A white paper on the status of Himalayan glaciers and global warming, currently being studied by the Ministry of Environment and Forests (MoEF), suggests that in most cases glaciers have stopped retreating. While the Gangotri glacier stopped receding in the 2007-09 period, it says, glaciers like Pindari in Kumaon continue to record a high annual retreat of almost 10 metres annually.
MoEF Minister Jairam Ramesh believes that the data indicates that a better understanding is needed of what is happening and refuses to accept that global warming is causing the retreat. "The Himalayan glaciers are in trouble. The paper finds that some are retreating, but others seem to be advancing. However, there is no robust scientific evidence to suggest that climate change is causing the retreat," Ramesh said.
However, studying only the "snout" or the front of the glacier, as the new review did, comes with its own problems, with the study noting that even adjoining glaciers seem to behave differently. The report notes that while glaciers react to climate, immediate effects of climate may not reflect on the snout of a glacier.

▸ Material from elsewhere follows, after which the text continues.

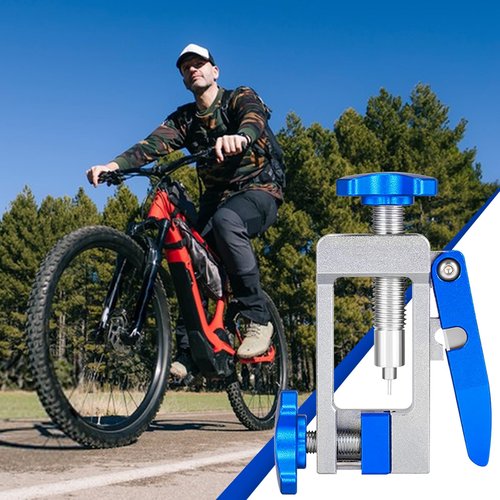 SYWAN Bike Hydraulic Brake Tool Kit, Hydraulic Brake Hose Cutter 2 in 1 Bicycle Hydraulic Line Cutter Bike Brake Hydraulic Hose Fitting Insert Tool (Blue-1)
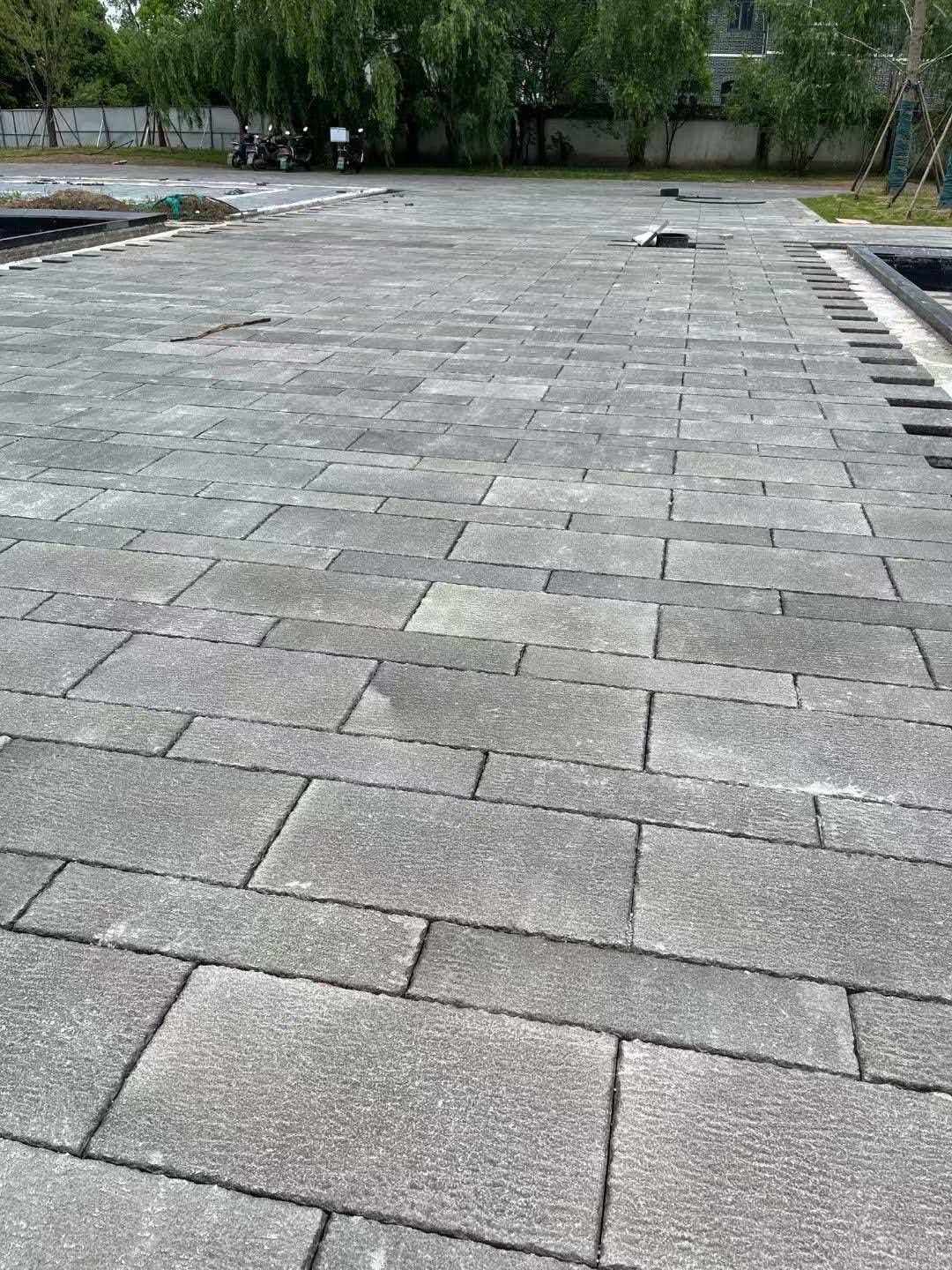 福建 工地仿古石铺装现场实拍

Glaciologists are of the view that several factors — mass, length and breadth — and not just the snouts of Himalayan glaciers need to be studied seriously.
Reviewing the position of the "snouts" of glaciers, the white paper found that Himalayan glaciers are in retreat, but not "abnormally" so, and concluded that there seemed to be no impact of global warming. The paper was prepared by V K Raina, a former deputy director general of the Geological Survey of India.
In case of the Gangotri glacier, the review said, there was no retreat between September 2007 and June 2009. The same glacier had retreated an alarming 20 metres between the 1970s and 2000.
... contd.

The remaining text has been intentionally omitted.